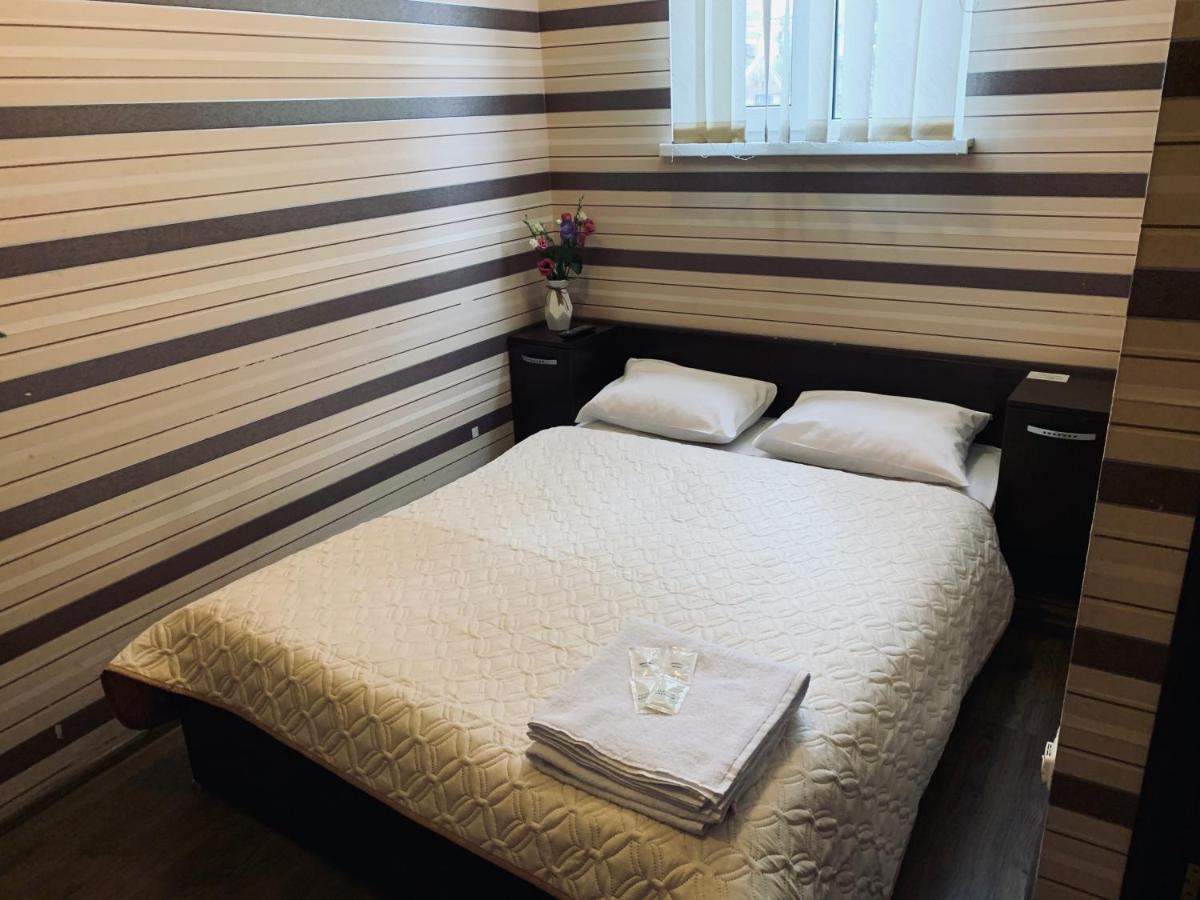 Uno Apart Hotel Kiev Ngoại thất bức ảnh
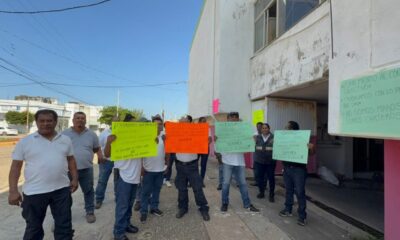 *Carteros de Coatzacoalcos denuncian congelamiento de plazas y falta de mantenimiento en motocicletas, tienen que poner de su quincena para la gasolina y repararlas*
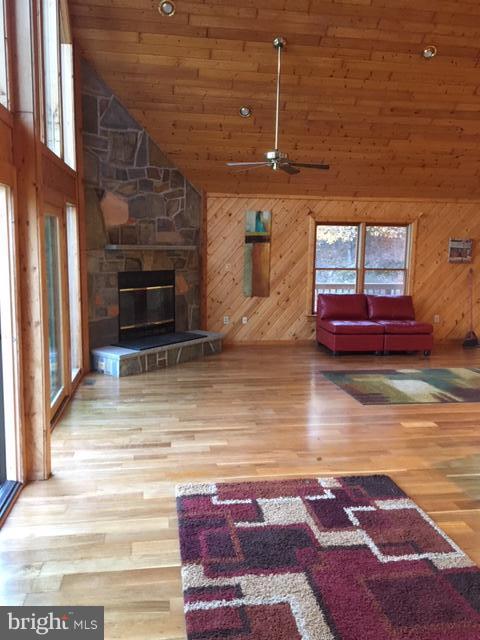 2713 Lookout Road Haymarket, VA 20169 - Photo 21 of 27 Living Room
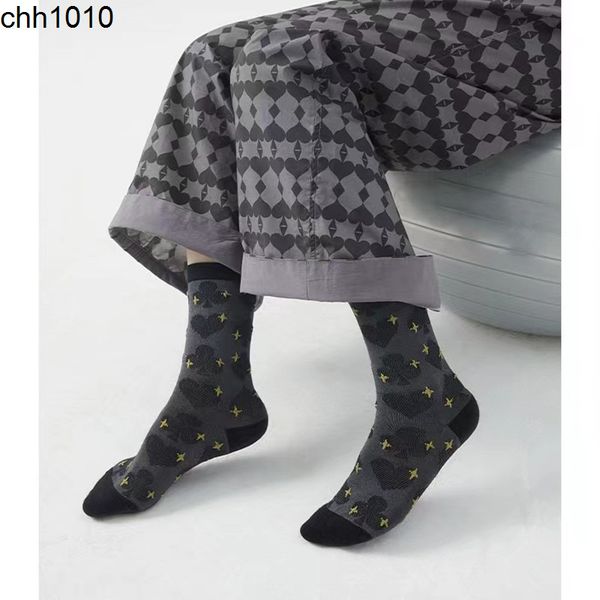 men's autumn and winter new love poker women's mid tube cotton small fashion ins fashion socks hollow out stereoscopic color contr, Black
men's autumn and winter new love poker women's mid tube cotton small fashion ins fashion socks hollow out stereoscopic color contr, Black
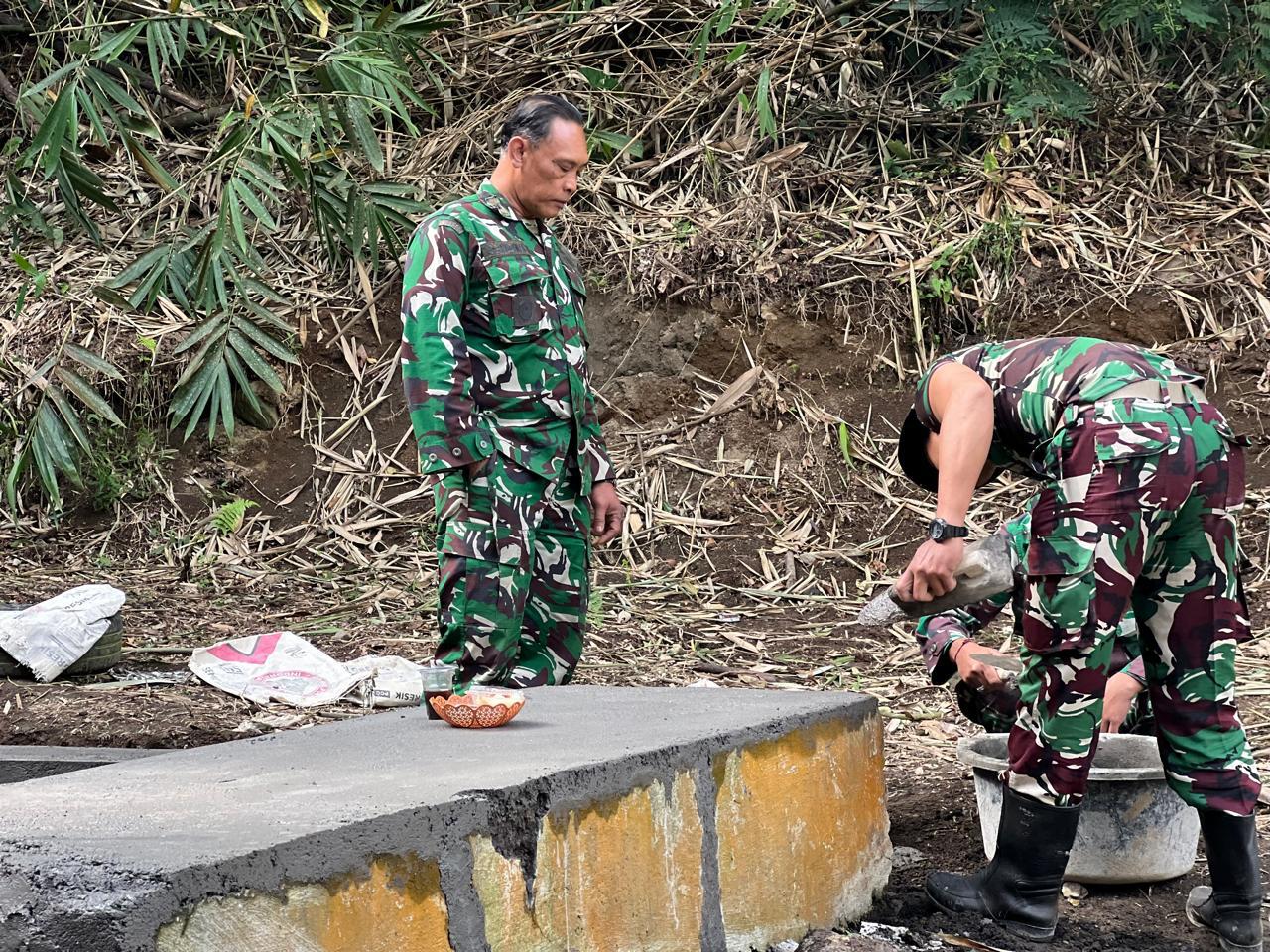 Wadansatgas TMMD Ke-129 Tinjau Proyek Bak Air di Sekardadi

- - -

* [PROBLEM TO WORK ON] Pictures aside, give the data again exactly as it appears.

* [PROBLEM SOLUTION]
 Uno Apart Hotel Kiev Ngoại thất bức ảnh
 *Carteros de Coatzacoalcos denuncian congelamiento de plazas y falta de mantenimiento en motocicletas, tienen que poner de su quincena para la gasolina y repararlas*
 2713 Lookout Road Haymarket, VA 20169 - Photo 21 of 27 Living Room
 men's autumn and winter new love poker women's mid tube cotton small fashion ins fashion socks hollow out stereoscopic color contr, Black
men's autumn and winter new love poker women's mid tube cotton small fashion ins fashion socks hollow out stereoscopic color contr, Black
 Wadansatgas TMMD Ke-129 Tinjau Proyek Bak Air di Sekardadi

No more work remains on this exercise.